■ **Collected material**:
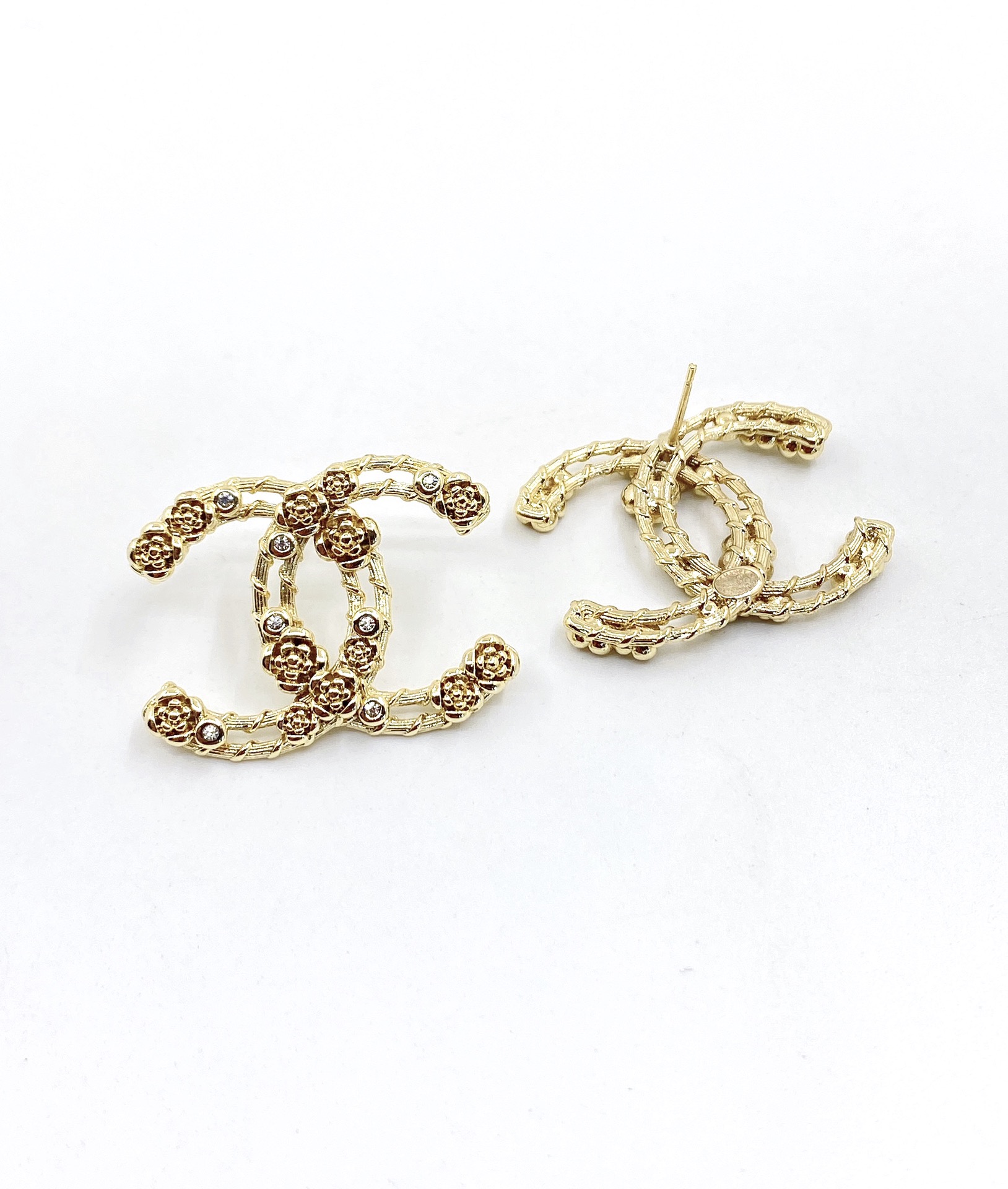 [TOP] CHANEL Hollow Rose Double C Earrings - Gold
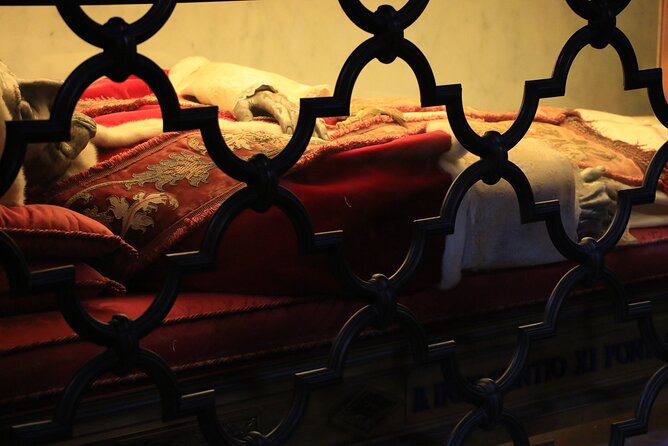 Complete St. Peter's Basilica Tour with Dome Climb - Crypts included: why the underside experience feels different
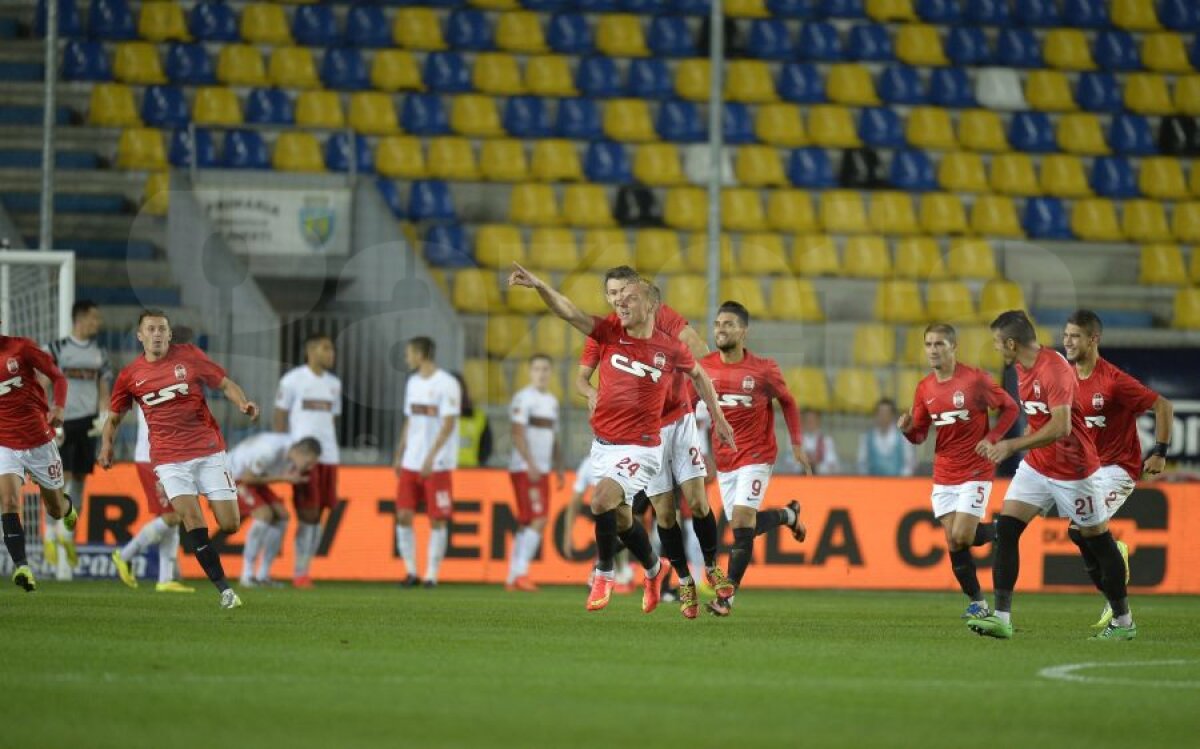 FOTO Nebunie pe ”Ilie Oană” » Fortuna Cîmpina a sperat 91 de minute la o minune, dar a fost spulberată de Dinamo în prelungiri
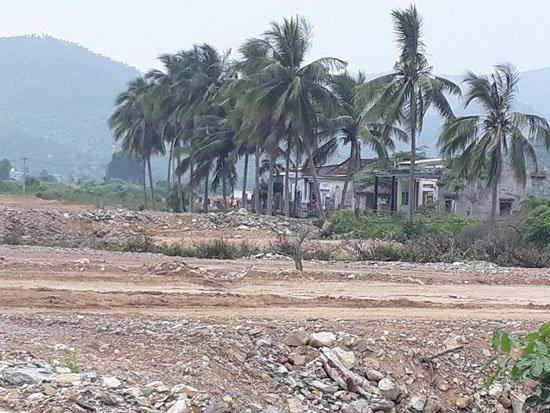 Một khu đất chưa được chủ đầu tư giải phóng xong mặt bằng, nhưng cũng đã được san lấp đất đá.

■ **Exercise details**: Pictures aside, retype the material exactly.

■ **Task output**:
 [TOP] CHANEL Hollow Rose Double C Earrings - Gold
 Complete St. Peter's Basilica Tour with Dome Climb - Crypts included: why the underside experience feels different
 FOTO Nebunie pe ”Ilie Oană” » Fortuna Cîmpina a sperat 91 de minute la o minune, dar a fost spulberată de Dinamo în prelungiri
 Một khu đất chưa được chủ đầu tư giải phóng xong mặt bằng, nhưng cũng đã được san lấp đất đá.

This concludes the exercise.